Retype exactly what appears below from the line containing "3x250ml OLIVA Cosmetics" down to the line containing "Taktična orožna svetilka", keeping both end lines. Do not include pictures.

## [MATERIAL SHOWN]
········
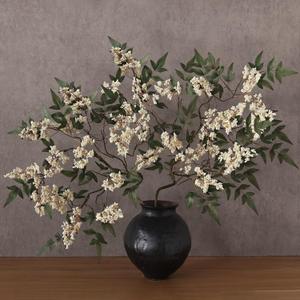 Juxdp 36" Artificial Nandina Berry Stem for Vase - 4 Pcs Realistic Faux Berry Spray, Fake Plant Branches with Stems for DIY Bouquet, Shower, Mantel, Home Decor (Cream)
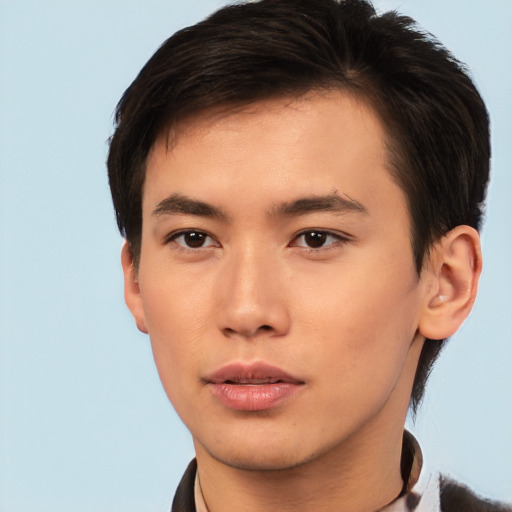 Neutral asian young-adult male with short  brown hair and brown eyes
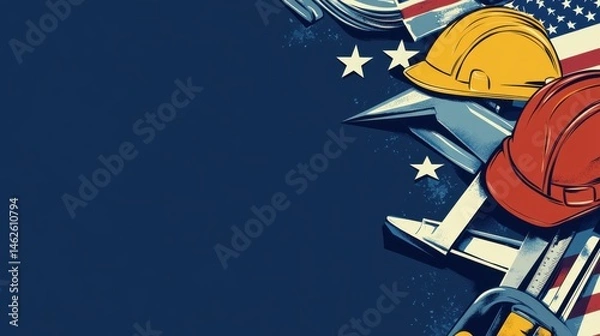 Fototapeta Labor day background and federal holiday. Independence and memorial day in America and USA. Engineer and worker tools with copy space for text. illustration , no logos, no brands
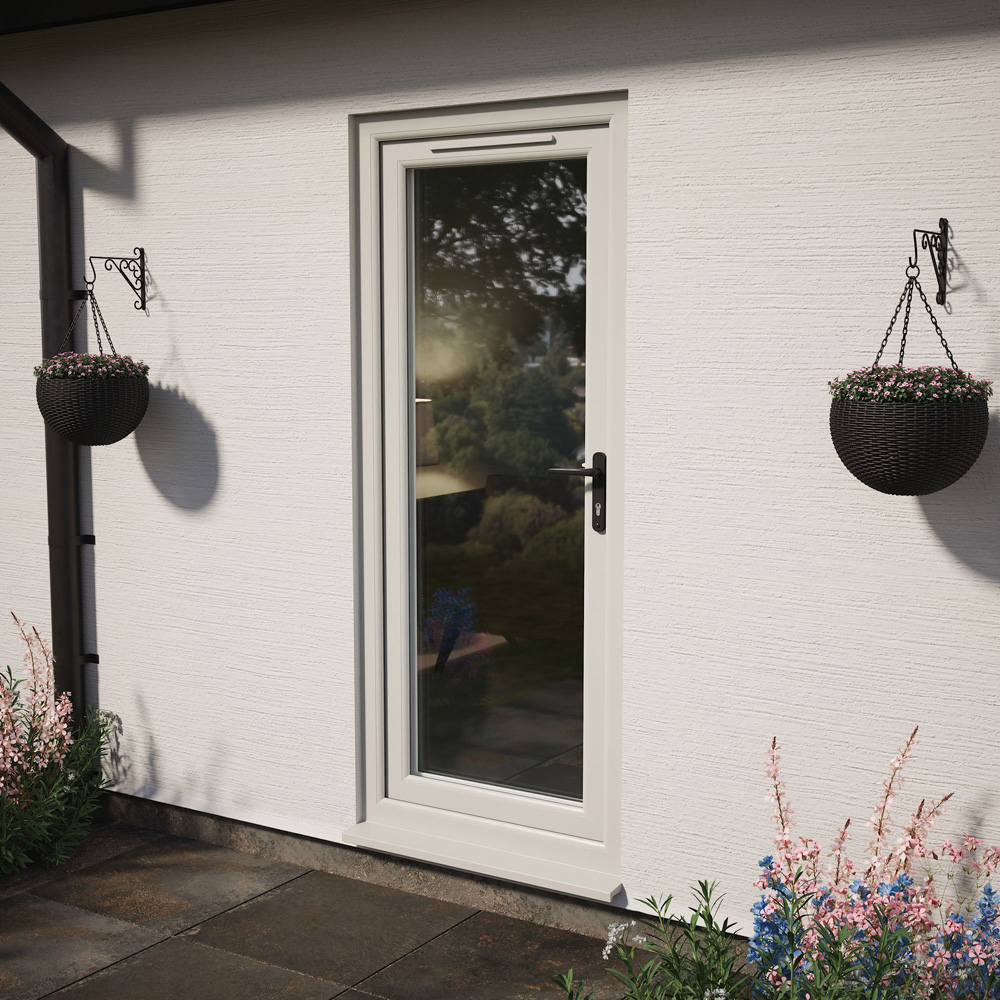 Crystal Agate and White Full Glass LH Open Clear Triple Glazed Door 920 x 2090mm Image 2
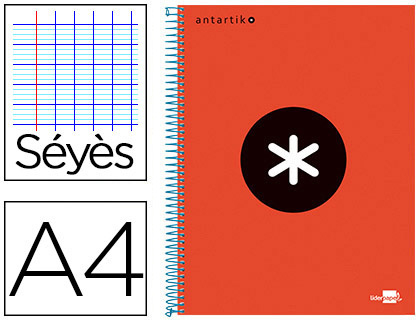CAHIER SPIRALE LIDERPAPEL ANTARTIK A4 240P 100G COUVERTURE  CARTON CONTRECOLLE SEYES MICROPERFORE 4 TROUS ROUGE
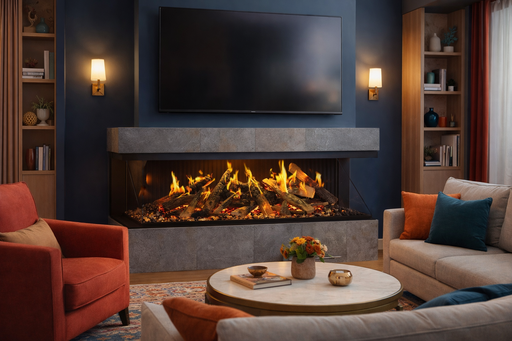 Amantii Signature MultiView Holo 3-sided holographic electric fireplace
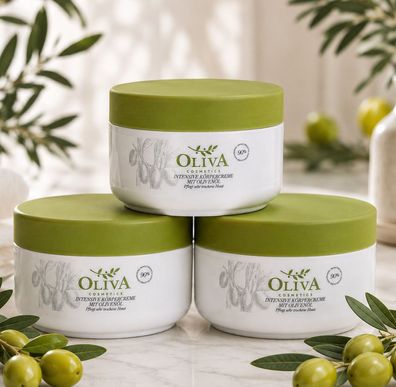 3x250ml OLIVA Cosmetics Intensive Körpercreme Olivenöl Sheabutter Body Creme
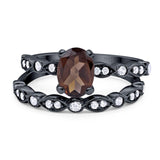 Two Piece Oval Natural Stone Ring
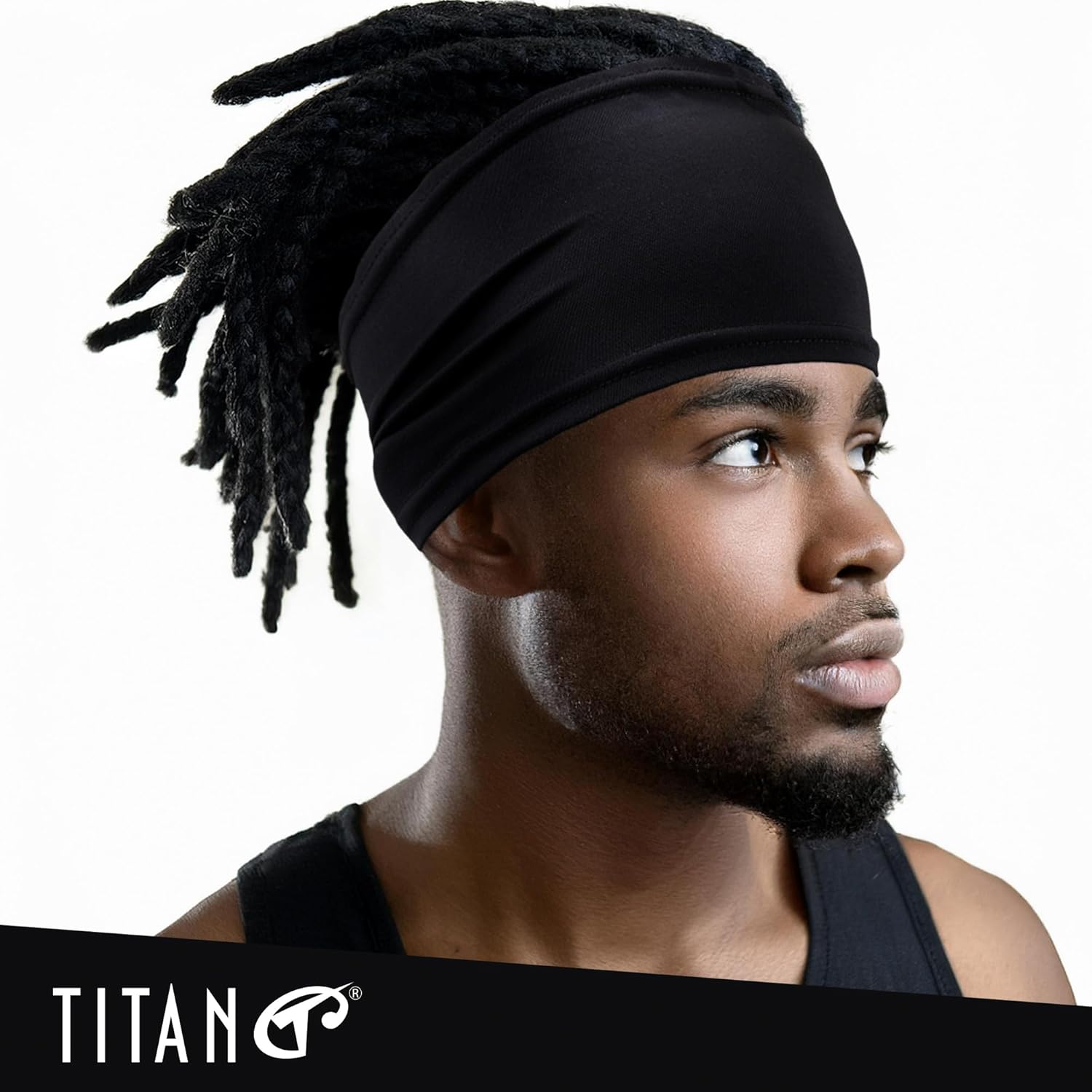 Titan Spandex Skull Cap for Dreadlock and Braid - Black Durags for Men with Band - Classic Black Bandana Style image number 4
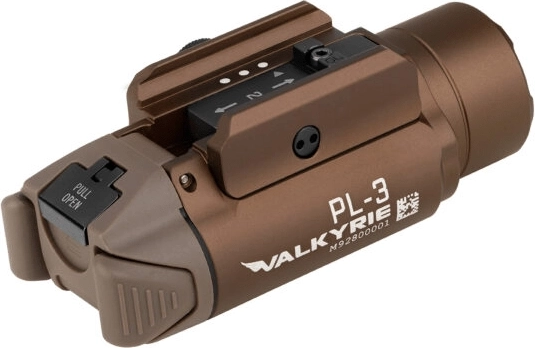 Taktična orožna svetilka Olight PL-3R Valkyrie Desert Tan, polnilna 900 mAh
········
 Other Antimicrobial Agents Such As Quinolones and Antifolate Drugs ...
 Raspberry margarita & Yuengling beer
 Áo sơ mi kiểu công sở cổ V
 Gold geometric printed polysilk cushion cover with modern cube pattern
········
## [TASK SOLUTION]
 3x250ml OLIVA Cosmetics Intensive Körpercreme Olivenöl Sheabutter Body Creme
 Two Piece Oval Natural Stone Ring
 Titan Spandex Skull Cap for Dreadlock and Braid - Black Durags for Men with Band - Classic Black Bandana Style image number 4
 Taktična orožna svetilka Olight PL-3R Valkyrie Desert Tan, polnilna 900 mAh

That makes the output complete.